Problem description: Give back the entries exactly, ending with the "1 Westridge Court #Unit B — Hendersonville" line.

..............................

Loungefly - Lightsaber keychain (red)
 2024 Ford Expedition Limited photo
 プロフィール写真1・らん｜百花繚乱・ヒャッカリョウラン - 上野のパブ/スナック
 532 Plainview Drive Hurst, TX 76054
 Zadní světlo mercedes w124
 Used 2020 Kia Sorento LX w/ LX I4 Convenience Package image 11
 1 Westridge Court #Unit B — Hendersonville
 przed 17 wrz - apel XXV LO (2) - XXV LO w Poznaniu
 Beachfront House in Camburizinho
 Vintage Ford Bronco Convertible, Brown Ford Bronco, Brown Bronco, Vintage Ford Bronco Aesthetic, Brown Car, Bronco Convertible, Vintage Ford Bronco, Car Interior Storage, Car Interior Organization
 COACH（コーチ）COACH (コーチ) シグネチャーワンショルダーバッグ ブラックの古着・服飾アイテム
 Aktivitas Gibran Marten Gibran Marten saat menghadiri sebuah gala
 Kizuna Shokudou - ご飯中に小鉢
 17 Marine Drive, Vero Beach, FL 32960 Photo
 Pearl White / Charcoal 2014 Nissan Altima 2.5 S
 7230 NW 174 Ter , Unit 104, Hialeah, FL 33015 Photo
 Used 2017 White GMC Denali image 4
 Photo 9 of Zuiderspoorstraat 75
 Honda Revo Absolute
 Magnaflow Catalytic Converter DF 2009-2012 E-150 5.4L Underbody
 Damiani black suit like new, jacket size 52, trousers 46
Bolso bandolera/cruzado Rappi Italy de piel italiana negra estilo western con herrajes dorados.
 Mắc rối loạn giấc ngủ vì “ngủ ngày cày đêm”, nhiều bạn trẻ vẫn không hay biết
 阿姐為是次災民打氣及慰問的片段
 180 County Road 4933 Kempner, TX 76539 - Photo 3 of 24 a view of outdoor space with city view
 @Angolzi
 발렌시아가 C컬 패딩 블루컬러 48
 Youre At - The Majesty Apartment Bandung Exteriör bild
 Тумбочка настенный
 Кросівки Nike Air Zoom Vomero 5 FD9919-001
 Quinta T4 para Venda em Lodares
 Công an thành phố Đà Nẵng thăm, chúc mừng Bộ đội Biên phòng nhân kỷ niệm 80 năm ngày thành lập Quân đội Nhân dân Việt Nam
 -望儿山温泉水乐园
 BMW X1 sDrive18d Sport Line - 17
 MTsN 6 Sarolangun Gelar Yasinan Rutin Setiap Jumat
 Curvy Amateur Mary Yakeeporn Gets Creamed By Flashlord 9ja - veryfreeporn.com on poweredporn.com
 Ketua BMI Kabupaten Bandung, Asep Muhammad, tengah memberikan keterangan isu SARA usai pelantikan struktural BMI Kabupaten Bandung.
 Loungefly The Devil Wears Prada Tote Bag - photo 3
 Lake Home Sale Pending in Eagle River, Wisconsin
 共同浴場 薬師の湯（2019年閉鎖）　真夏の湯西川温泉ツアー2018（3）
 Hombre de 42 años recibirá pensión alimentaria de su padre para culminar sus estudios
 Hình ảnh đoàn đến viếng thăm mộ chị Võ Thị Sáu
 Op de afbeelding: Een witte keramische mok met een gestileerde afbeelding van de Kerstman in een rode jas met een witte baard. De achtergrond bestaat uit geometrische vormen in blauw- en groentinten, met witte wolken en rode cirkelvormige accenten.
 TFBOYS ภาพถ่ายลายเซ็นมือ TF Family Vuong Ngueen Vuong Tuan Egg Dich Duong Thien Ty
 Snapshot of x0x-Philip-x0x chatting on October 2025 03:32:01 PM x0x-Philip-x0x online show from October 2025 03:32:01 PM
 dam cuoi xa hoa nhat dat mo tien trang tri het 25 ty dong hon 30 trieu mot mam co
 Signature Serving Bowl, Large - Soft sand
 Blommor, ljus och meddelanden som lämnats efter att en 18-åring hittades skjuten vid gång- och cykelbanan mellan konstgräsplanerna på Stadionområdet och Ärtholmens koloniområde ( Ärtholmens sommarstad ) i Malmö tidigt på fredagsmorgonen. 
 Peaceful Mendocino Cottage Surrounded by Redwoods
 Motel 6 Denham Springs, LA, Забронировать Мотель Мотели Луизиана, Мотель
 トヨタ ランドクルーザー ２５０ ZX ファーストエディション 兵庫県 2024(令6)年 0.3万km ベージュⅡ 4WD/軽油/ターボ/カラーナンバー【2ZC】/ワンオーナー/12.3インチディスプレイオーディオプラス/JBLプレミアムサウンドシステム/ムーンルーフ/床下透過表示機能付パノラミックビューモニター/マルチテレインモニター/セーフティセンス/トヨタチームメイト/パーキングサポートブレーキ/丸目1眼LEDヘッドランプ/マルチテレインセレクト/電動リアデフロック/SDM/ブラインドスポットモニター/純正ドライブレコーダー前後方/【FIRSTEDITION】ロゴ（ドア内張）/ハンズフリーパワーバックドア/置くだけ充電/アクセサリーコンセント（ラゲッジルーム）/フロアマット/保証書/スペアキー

..............................

Answer to the problem:
Loungefly - Lightsaber keychain (red)
 2024 Ford Expedition Limited photo
 プロフィール写真1・らん｜百花繚乱・ヒャッカリョウラン - 上野のパブ/スナック
 532 Plainview Drive Hurst, TX 76054
 Zadní světlo mercedes w124
 Used 2020 Kia Sorento LX w/ LX I4 Convenience Package image 11
 1 Westridge Court #Unit B — Hendersonville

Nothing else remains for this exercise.